Aujourd’hui, nous abordons le grand virage des traitements et des essais démarrent partout dans le monde pour les maladies rares. Nous en soutenons une trentaine pour 25 maladies différentes. Nombre de ces essais concernent les biothérapies (thérapie génique, thérapie cellulaire), des thérapies innovantes dont on sait qu’elles bénéficieront aussi aux maladies plus fréquentes, comme c’est déjà le cas par exemple pour l‘infarctus du myocarde ou certaines maladies neurologiques. C’est un enjeu majeur de la médecine de demain. La recherche sur les maladies rares sert l’intérêt général. La faire disparaître dans un pot commun où elle se diluera inéluctablement, renverra les millions de malades concernés dans le no man’s land dont nous avons mis tant d’années à sortir. Au contraire, la présidence européenne du second semestre 2008 offre une occasion historique de faire rayonner notre politique nationale novatrice dans ce domaine en accélérant le développement de la recherche thérapeutique et l’amélioration de la prise en charge médicale des 30 millions d’Européens concernés, à l’image de ce qui était souvent, jusqu’alors, qualifié de « French Model ».
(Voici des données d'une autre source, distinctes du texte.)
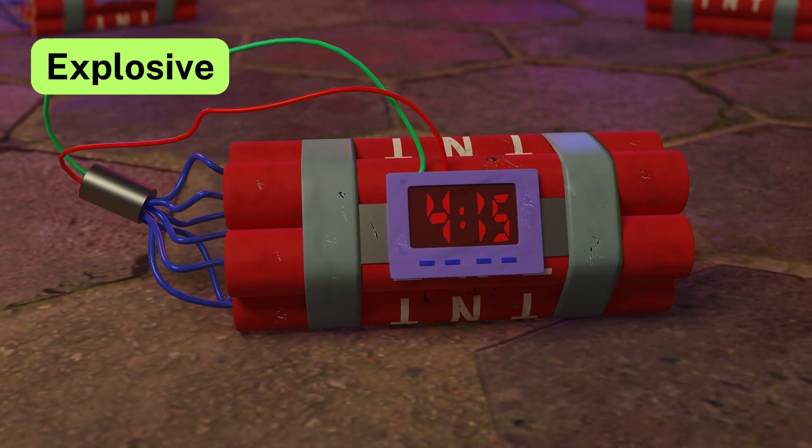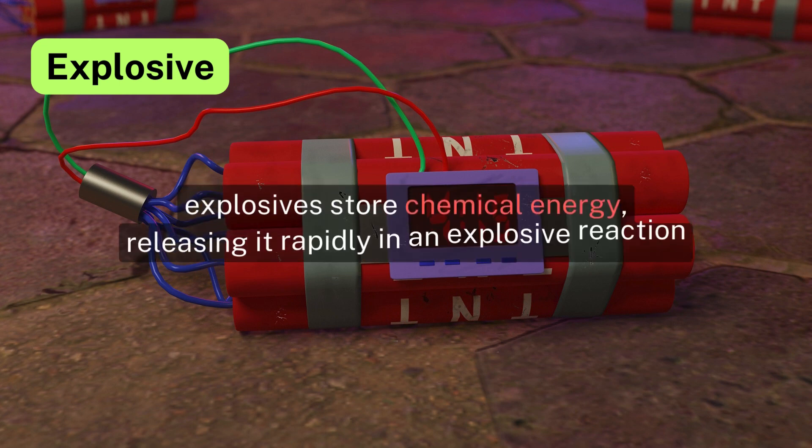Explosive. Explosives contain stored chemical energy which is quickly released during explosive reactions.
> Troisième inquiétude : un droit à compensation au rabais pour nos enfants ?

L’article 13 de la loi du 11 février 2005 prévoyait : « Dans les trois ans à compter de l’entrée en vigueur de la présente loi, la prestation de compensation sera étendue aux enfants handicapés ». Ayant vivement regretté que la prestation de compensation (PCH) ne soit pas appliquée à nos enfants dès 2005, c’est avec impatience que nous attendions son ouverture. Auditionnés par l’IGAS en décembre 2006, nous nous attendions à poursuivre le débat. Quelle surprise de découvrir, dans le PLFSS 2008, un bref article sur ce sujet ? L’introduction de cet article, sans aucune concertation, rompt brutalement avec le travail collaboratif qui, jusqu’à présent, avait entouré l’élaboration et la mise en œuvre de la loi du 11 février 2005.

Inquiétude donc sur la méthode mais inquiétude aussi sur le contenu de cet article qui ne permet pas en l’état actuel d’assurer à nos enfants une prestation de compensation immédiate et aussi complète que pour les adultes. Les dispositions relatives aux critères d’accès ainsi qu’au montant des prestations doivent sans réserve s’appliquer aux enfants au plus tard le 12 février 2008. Il nous apparaît inutile et dangereux de prévoir des décrets qui conduiraient à moduler l’application de la PCH pour les enfants. La seule exception à ce principe, pour lequel nous souhaitons un amendement au projet de loi, est liée à la capacité juridique des enfants mineurs. Nous demandons que la loi prévoie explicitement qu’un décret fixe, dans les situations de grande dépendance, les modalités d’application pour les mineurs de dispositions permettant de rémunérer un parent. Bien entendu, nous ne demandons pas qu’un mineur puisse salarier son parent, mais qu’un montant financier comparable puisse reconnaître le travail fourni par les parents que l’enfant soit à la veille ou au lendemain de ses 18 ans (comme cela est prévu pour les PCH adultes).

Par ailleurs, nous estimons nécessaire qu’un réel débat ait lieu sur l’identification de la part de l’AEEH qui jusqu’à présent correspondait à une prestation familiale spécifique et non pas à la compensation du handicap de l’enfant. Ce débat doit avoir lieu et la modulation de cette part « prestation familiale » doit être explorée. Nous demandons que le gouvernement s’engage clairement en ce sens. Dans cette attente, la possibilité de pouvoir cumuler l’AEEH de base avec la PCH est un minimum pour les familles.

NB : Ce texte accompagne un courrier signé de la présidente de l'AFM, Laurence Tiennot-Herment, et adressé le 22 octore 2007 à l'ensemble des députés et sénateurs.